La unanimidad en la decisión de la Audiencia Nacional de revocar el caso Faisán y devolverlo al juez Pablo Ruz para que siga investigando no sólo es un balón de oxígeno para el candidato Rubalcaba sino una muestra más de la politización de la Justicia, de su adaptación a circunstancias ajenas a su sustancia. Pedirle a Ruz que siga investigando es como mandar repetir el examen de la selectividad al estudiante con el expediente académico más brillante. Ruz no es Garzón, entre otras cosas porque es un juez caracterizado por su rigor a quien es difícil que se le escapen los presos por una cuestión de plazos prescritos.

El voto a favor de esta extraña resolución de jueces en principio no afines al Gobierno se explica como un intento para que el caso no fuera a parar a Irún. Sin embargo, esos votos emiten mensajes muy confusos y que inciden en las dobles varas de medir, en la existencia de una justicia para vips cuyos plazos, exigencias y consecuencias sólo afectan a los poderosos.

¿Qué ha pasado, por ejemplo, con el caso Palau en Cataluña, o con ese extraño trío formado por Prenafeta, Alavedra y el ex alcalde socialista de Santa Coloma? ¿Qué puede pasar con el caso Faisán? Pues de momento, que el escenario para Rubalcaba cambia a mejor y que su cúpula policial gana tiempo, se diluyen las acusaciones y que uno de los mayores escándalos de la democracia puede quedar en papel mojado, material de derribo convertido en escombro jurídico.

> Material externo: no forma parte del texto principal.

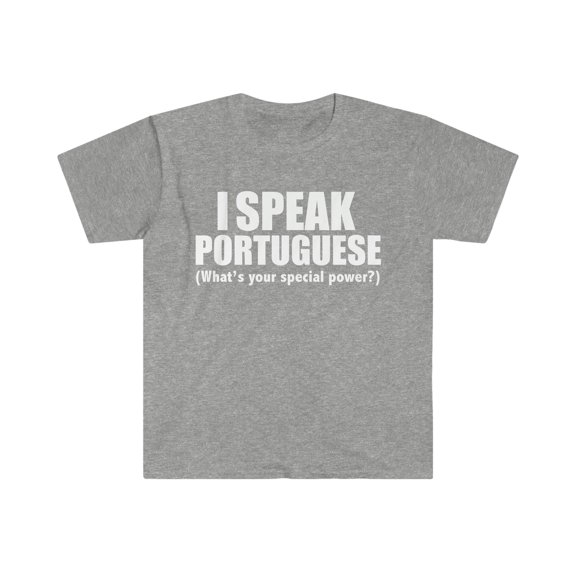 I SPEAK PORTUGUESE What’s your special power Portugal Unisex T-shirt S-3XL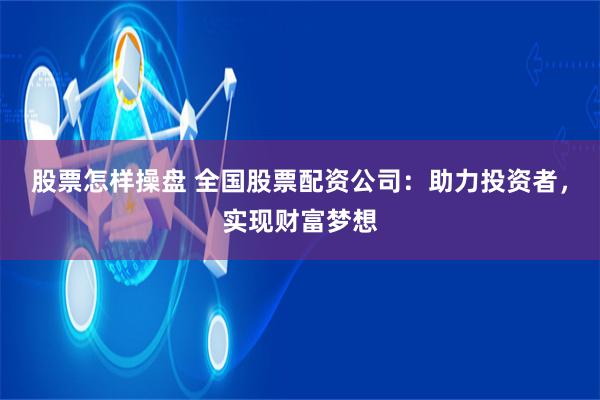 股票怎样操盘 全国股票配资公司：助力投资者，实现财富梦想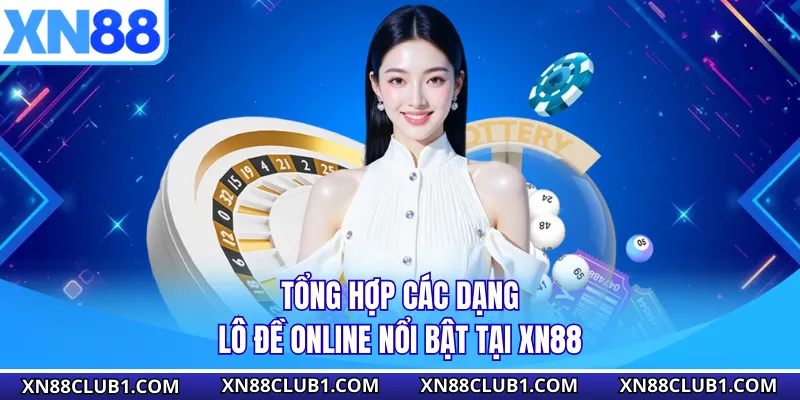 Tổng hợp các dạng lô đề online nổi bật tại XN88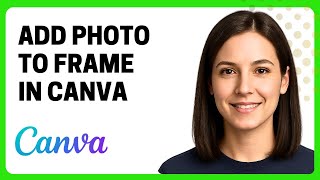 How to Add a Photo to a Frame in Canva
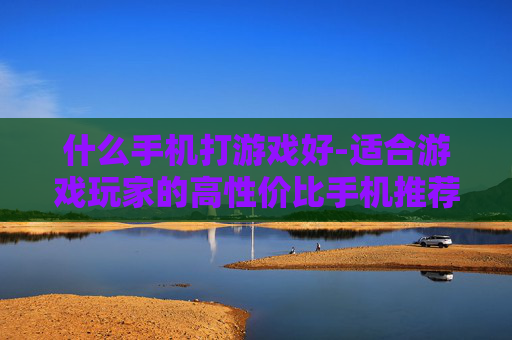 什么手机打游戏好-适合游戏玩家的高性价比手机推荐 什么手机打游戏好-适合游戏玩家的高性价比手机推荐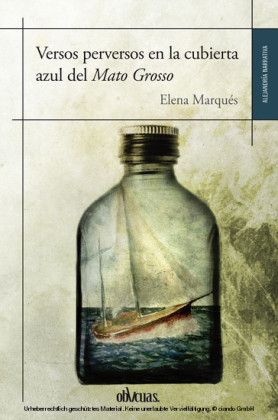 Versos perversos en la cubierta azul del Mato Grosso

La satisfacción de los medios progresistas con esta "revocación" mide el daño infligido a la causa de la Justicia, cuyas últimas resoluciones tienden mayoritariamente a dar apariencia de legalidad a engendros como el Estatuto de Cataluña o facilitar el encaje de los proetarras en las instituciones.

Con el nuevo apaño de la Audiencia respecto al soplo a ETA, el sistema judicial español queda retratado como un fiable servidor del poder político, un instrumento al servicio del Gobierno que provoca dudas sobre la consistencia y la contundencia de fallos como el que ha condenado a diez años a Otegi y Usabiaga; quienes, por cierto, se han tomado el asunto como si no les afectara, seguros de que no llegarán a cumplir ni una décima parte de esa pena. En este contexto, en el que se insta a Ruz a empezar de cero y designar, si puede, quiere y los encuentra, a otros cabezas de turco menos incómodos, todo lo que se sabía, lo que estaba probado, queda en suspenso, hasta el punto que, como Jardiel respecto a las once mil vírgenes, sólo cabe preguntarse si hubo alguna vez un bar llamado Faisán.